GM Volt sales very slow even before safety issue with fires

Someone really needs to add up all the subsidies that have gone into these cars. The average income of Volt buyers is $175,000 a year. Whether it is 8,000 cars this year or a chance of 45,000 next year, where would these sales be without these huge subsidies? So much for initial predictions of up to 60,000 sold in 2011. From the WSJ:

Before General Motors Co.'s Chevrolet Volt became the subject of a U.S. safety investigation, the auto maker's moon shot was falling well short of its stratospheric expectations.

GM's year-old, battery-powered Volt, cast by the company as a revolution in automotive technology, will miss the sales target of 10,000 vehicles that Chief Executive Dan Akerson set for this year, hampered by production delays, distribution problems and questions about whether Americans really want electric cars.

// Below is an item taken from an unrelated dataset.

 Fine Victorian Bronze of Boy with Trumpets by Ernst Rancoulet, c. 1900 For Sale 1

The company is on track to sell around 8,000 Volts this year.

GM aims to sell 45,000 Volts in the U.S. next year, and the auto maker faces questions about whether it can deliver.

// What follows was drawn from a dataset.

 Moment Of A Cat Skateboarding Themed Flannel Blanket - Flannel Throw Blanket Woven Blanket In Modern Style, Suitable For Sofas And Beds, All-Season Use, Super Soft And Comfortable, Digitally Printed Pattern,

"We're getting a lot of interest, we're just not getting a lot of buyers," says William Willis, a Chevy dealer in Smyrna, Del. Mr. Willis says he has sold two Volts since the fall and has two on his lot. "Customers come in, they are wowed by the display, the quick acceleration. It's just going to take a while for the American public to accept the price."

The $41,000 Volt solved the biggest hurdle with electric cars: range. But that came with compromises on price and space. Now questions have arisen about safety in the wake of fires caused by government crash tests. . . .


tax credit of up to $7,500

federal tax credit equal to 50% of the cost to buy and install a home-based charging station with a maximum credit of US$2,000 for each station. Businesses qualify for tax credits up to $50,000 for larger installations.

There have been other huge subsidies in terms of the development of the cars and even the equipment used to manufacture the cars.

Who can forget all the big subsidies to General Motors?